Restate word for word the lines in the listing below, starting at the line containing "office area featuring" and ending at the line containing "Two men stand", both included; leave out the rest.

Supplied entries »
-- -- --
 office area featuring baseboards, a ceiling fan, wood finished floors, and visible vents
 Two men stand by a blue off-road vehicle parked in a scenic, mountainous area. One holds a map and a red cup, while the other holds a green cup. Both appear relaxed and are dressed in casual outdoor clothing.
-- -- --
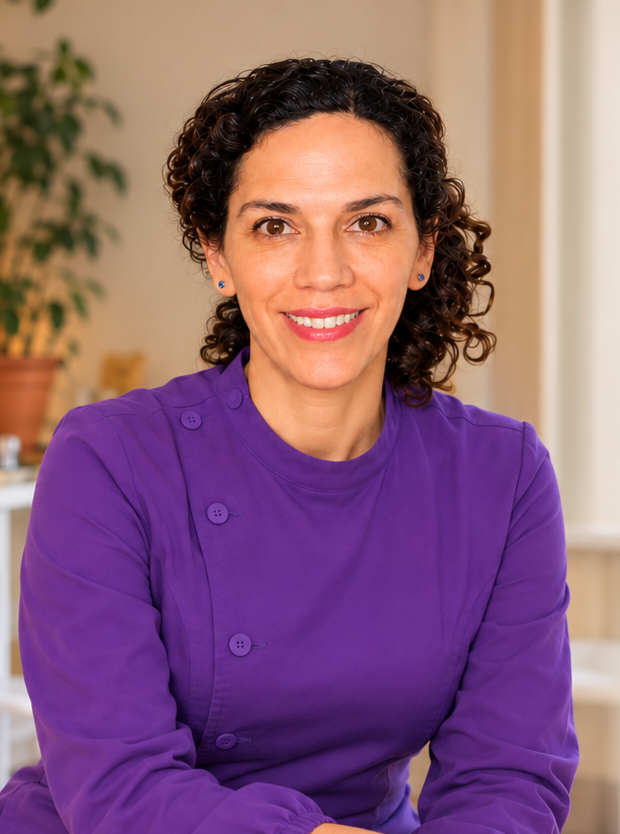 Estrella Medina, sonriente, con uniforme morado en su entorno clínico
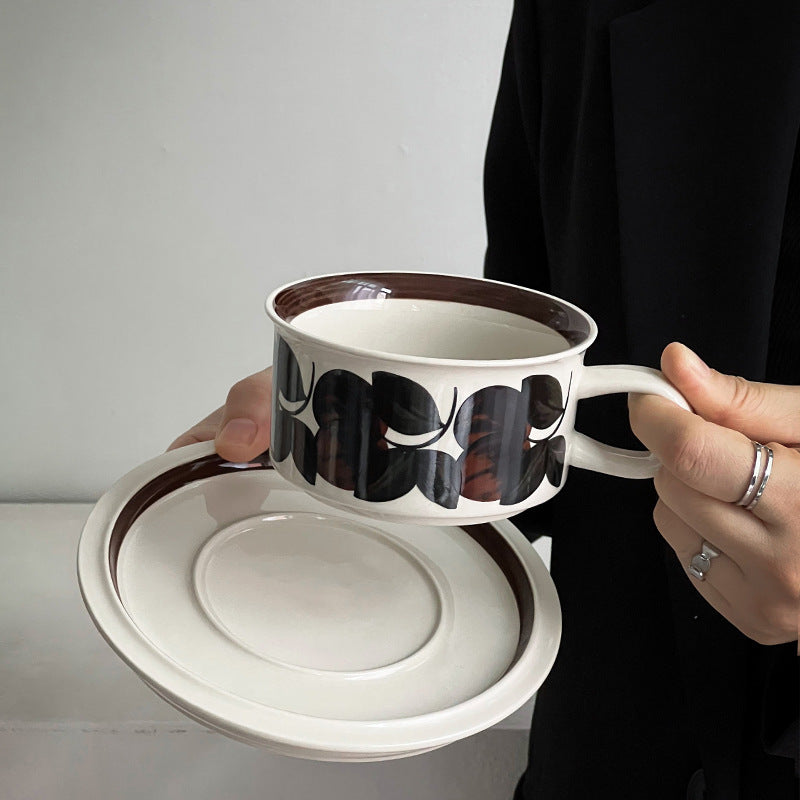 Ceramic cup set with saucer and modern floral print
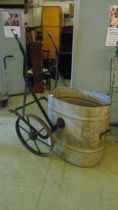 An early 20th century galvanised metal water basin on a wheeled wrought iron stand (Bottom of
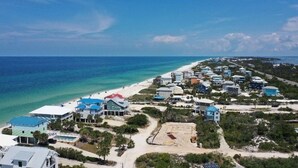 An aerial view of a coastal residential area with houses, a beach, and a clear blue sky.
-- -- --
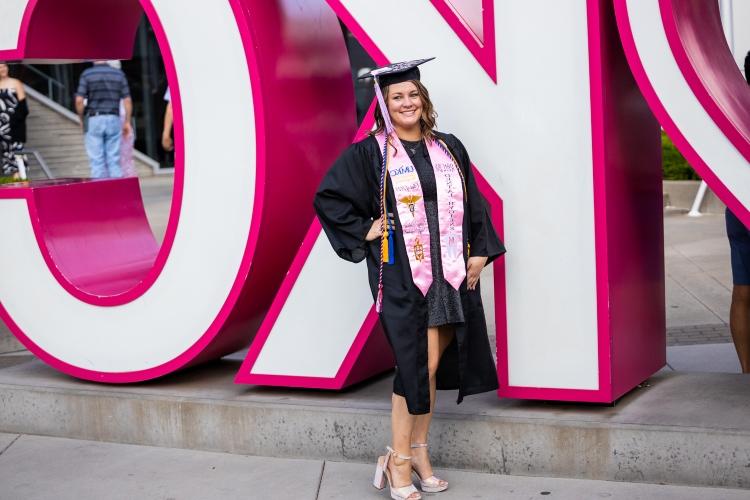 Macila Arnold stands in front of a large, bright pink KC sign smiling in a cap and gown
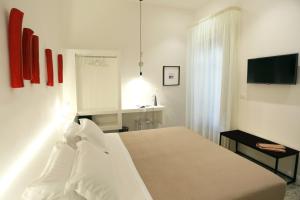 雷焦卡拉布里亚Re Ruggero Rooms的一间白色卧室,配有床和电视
-- -- --
Response area »
 office area featuring baseboards, a ceiling fan, wood finished floors, and visible vents
 Two men stand by a blue off-road vehicle parked in a scenic, mountainous area. One holds a map and a red cup, while the other holds a green cup. Both appear relaxed and are dressed in casual outdoor clothing.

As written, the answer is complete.